Discussion in 'Sports and News' started by TigerVols, Feb 12, 2022.

  1. The Big Ragu

    The Big Ragu Moderator Staff Member

    It's not literally the same thing. But that isn't the point. The reason that bureacracies want secrecy -- and will endlessly work to expand what is kept secret -- is exactly the same.

    "National security" is a catch-all phrase that allows a bureacracy to hide things and work in, well, secrecy, avoiding criticism and working to grow its power as the primary objective (which is how bureacracies behave). Which is why the apparatus involved with our national security has grown into a hydra-headed monster. The "secrecy" is a tool that serves multiple purposes, and the amazing part about Max Weber is that he was detailing these characteristics well before things like the NSA existed.

    And I understand that millions of people don't have the nuclear launch codes. The point again is that when the apparatus surrounding the secrecy takes over so many things and employs millions of people who go in and out of buildings related to the appartus and work on endless "systems" related to the apparatus, there can't possibly be systems in place that effectively protect secrecy well. There are too many possible backdoors. It just takes one idiot, one person carelessly leaving something lying around where it shouldn't be. ... and millions of people who can be the weak link.
     
  2. Justin_Rice

    Justin_Rice Well-Known Member

    ... which is why "Insider threat" is one of the security trainings you'll take most often when you hold a clearance. People are the weakness.

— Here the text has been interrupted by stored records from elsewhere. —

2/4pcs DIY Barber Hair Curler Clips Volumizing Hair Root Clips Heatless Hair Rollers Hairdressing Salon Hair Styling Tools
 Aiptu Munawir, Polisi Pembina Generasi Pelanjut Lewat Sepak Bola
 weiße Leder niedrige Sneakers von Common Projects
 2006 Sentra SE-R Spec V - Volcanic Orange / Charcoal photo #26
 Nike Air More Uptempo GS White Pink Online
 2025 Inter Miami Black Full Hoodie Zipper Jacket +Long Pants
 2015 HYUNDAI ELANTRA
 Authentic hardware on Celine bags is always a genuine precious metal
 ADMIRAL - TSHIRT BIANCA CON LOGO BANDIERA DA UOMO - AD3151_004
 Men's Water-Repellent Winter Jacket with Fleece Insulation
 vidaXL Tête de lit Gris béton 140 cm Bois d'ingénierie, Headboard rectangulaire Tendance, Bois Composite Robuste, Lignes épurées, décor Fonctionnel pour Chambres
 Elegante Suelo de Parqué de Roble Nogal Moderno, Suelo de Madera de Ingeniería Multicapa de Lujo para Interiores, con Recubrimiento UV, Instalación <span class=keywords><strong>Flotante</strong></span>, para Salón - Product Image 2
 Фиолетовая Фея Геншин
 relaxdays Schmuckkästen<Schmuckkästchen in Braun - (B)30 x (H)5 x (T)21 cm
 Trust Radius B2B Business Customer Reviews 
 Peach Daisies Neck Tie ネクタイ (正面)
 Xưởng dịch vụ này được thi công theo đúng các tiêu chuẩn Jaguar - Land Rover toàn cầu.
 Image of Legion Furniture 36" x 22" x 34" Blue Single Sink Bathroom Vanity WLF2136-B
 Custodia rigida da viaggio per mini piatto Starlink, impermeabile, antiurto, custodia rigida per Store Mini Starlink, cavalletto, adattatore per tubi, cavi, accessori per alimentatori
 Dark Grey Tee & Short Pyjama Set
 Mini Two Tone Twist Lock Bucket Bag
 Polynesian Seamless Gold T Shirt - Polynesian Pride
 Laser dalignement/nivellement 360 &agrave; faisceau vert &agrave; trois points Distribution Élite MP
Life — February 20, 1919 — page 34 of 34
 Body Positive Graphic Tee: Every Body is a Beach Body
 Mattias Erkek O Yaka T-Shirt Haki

    Nevertheless: I think you're underestimating the grounds government goes to to protect controlled information. ... and its only gotten easier in the digital age, because of non-repudiation associated with digital storage. If one were to go hit Control-P on a pile of controlled documents, you're going to raise suspicion.
     
  3. garrow

    garrow Well-Known Member

    All I know about classified info is that mentally unstable, greedy, traitorous ex-presidents should be able to keep as much of it as they want.
     
    matt_garth, dixiehack and Justin_Rice like this.
  4. Justin_Rice

    Justin_Rice Well-Known Member

    It wasn't classified. He declassified in his mind.
     
    garrow likes this.
  5. Driftwood

    Driftwood Well-Known Member

    My divulging the classified info I personally had access to is moot. I had clearances at the highest level for the U.S. Navy and NATO.
    One of the pieces of gear I worked on would show me the precise location and course of any NATO ship at sea at a given time.
    If a ship is still at the exact same spot in the ocean as it was in 1989, my guess is it's actually at the bottom of the ocean!
     
    maumann and Justin_Rice like this.
  6. Baron Scicluna

    Baron Scicluna Well-Known Member

  7. TigerVols

    TigerVols Well-Known Member

    I’ve told this story here before.
    My uncle was captain of two nuclear subs during his post-Annapolis career (he was literally in the first nuke class and was chosen by Rickover. Probably cause he grew up near BTE’s Oak Ridge).
    One day, during the height of the Cold War, he was looking through his periscope at the Russian ship that was tracking his sub. The ship was in terrible condition, and the sailors aboard looked like hippie amateurs.
    So, he decided to spring a surprise on them. He surfaced his boat. He had his commanding officers join him on the tower outside in clear view of the Russian ship. He then took the microphone and turned turn on the PA. “attention crew of the (his boat). Please see your adversaries. Please notice the poor condition of their ship and crew. Especially in comparison to the US Navy…” At which point alarms started sounding on the Russian ship, and the sailors all scurried out of view. Clearly someone was quickly translating what my uncle was saying about them.
    He loved telling that story and usually prefaced it by saying he’d been cleared to tell it.
     
    Neutral Corner, maumann and Driftwood like this.
  8. TrooperBari

    TrooperBari Well-Known Member

    I'm beginning to think Russia might be taking in as much garbage about the US and the West as it is spewing garbage towards the US and the West. Who knew being Very Online would be bad for military readiness?

     
  9. Driftwood

    Driftwood Well-Known Member

    If you ever look at pictures of Soviet warships, they look impressive and armed to the teeth. That's because they didn't have people onboard to fix anything. Every system they had needed to be redundant, and most of that was broken much of the time, too.
     
    Batman and Justin_Rice like this.
  10. maumann

    maumann Well-Known Member

    During our golf game this week, my submariner buddy said there was a device on board the USS Mariano Vallejo that could calculate the relative speed of an object using only lat, long and heading. He's either getting senile or there's math I'm missing, because I would think you'd need an elapsed time element as well (or a second set of observations). Maybe that's why it's classified!
     
  11. Spartan Squad

    Spartan Squad Well-Known Member

    They must have at least two points of reference so they can at the very least know heading so they can probably get an idea of speed from that (otherwise how do they know every direction they’re moving and not staying still?). If that isn’t it, there’s some voodoo going on I’ll never understand.
     
    maumann likes this.
  12. maumann

    maumann Well-Known Member

    That makes sense. However, "heading" doesn't always correspond with course. According to the Wiki on navigation, " TVMDC is a mnemonic initialism for true heading, variation, magnetic heading, deviation, compass heading."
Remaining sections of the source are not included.